What the task asks » A faithful, word-for-word copy of the data below is required, without pictures.

Source material »
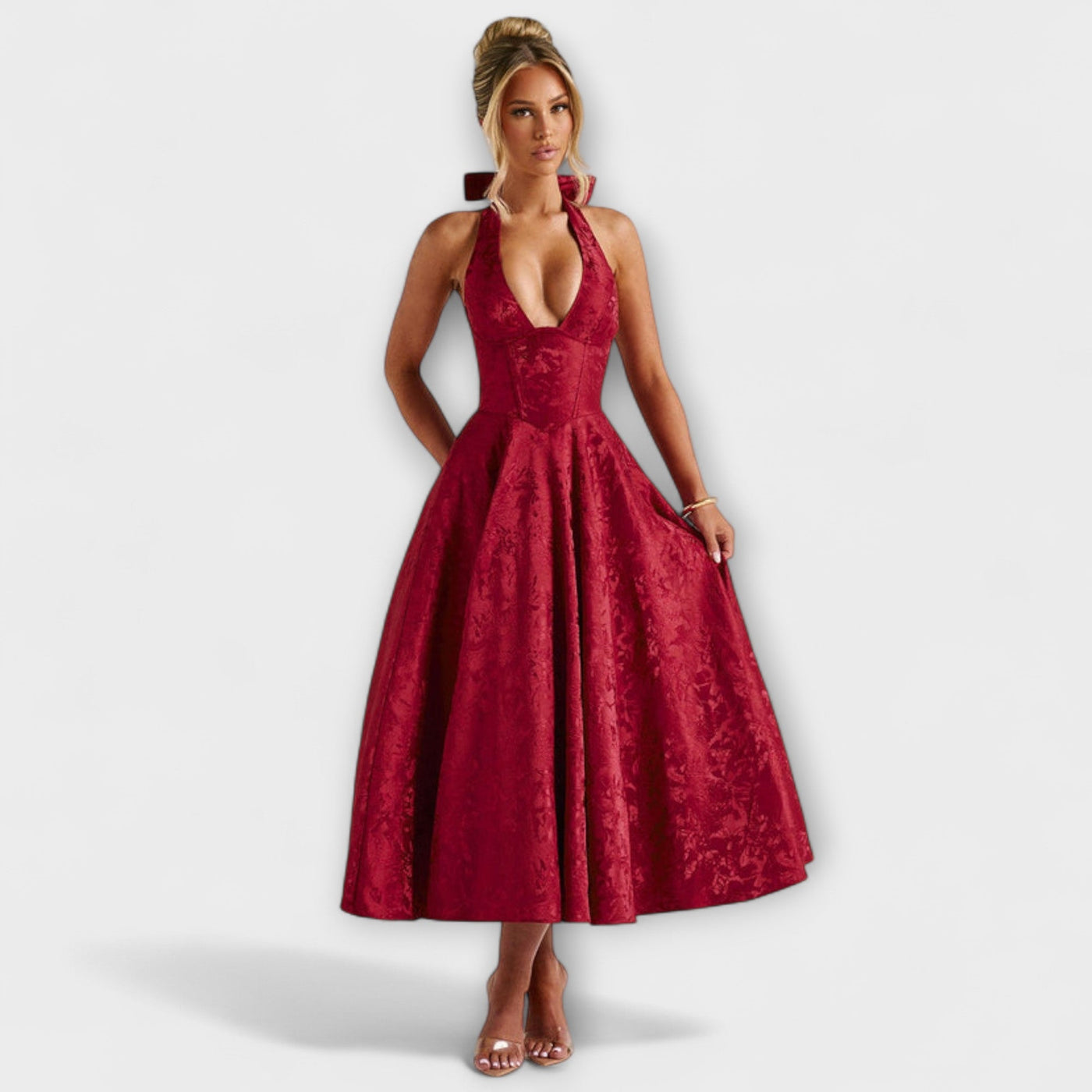 Catalina Midi Dress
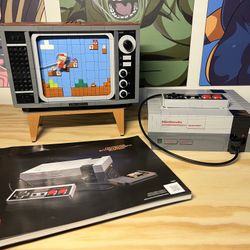 Lego Super Mario Nintendo 71374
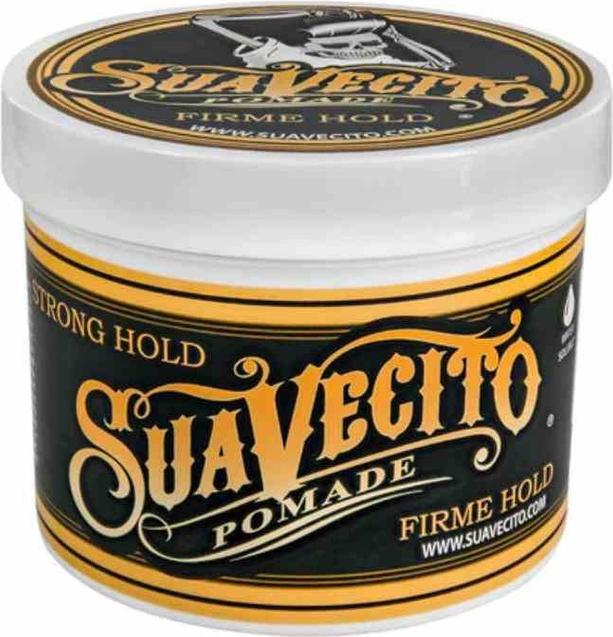 Image du produit Suavecito Tenir ferme Pomade (Gel coiffant, 113 ml)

Answer for the task »
 Catalina Midi Dress
 Lego Super Mario Nintendo 71374
 Image du produit Suavecito Tenir ferme Pomade (Gel coiffant, 113 ml)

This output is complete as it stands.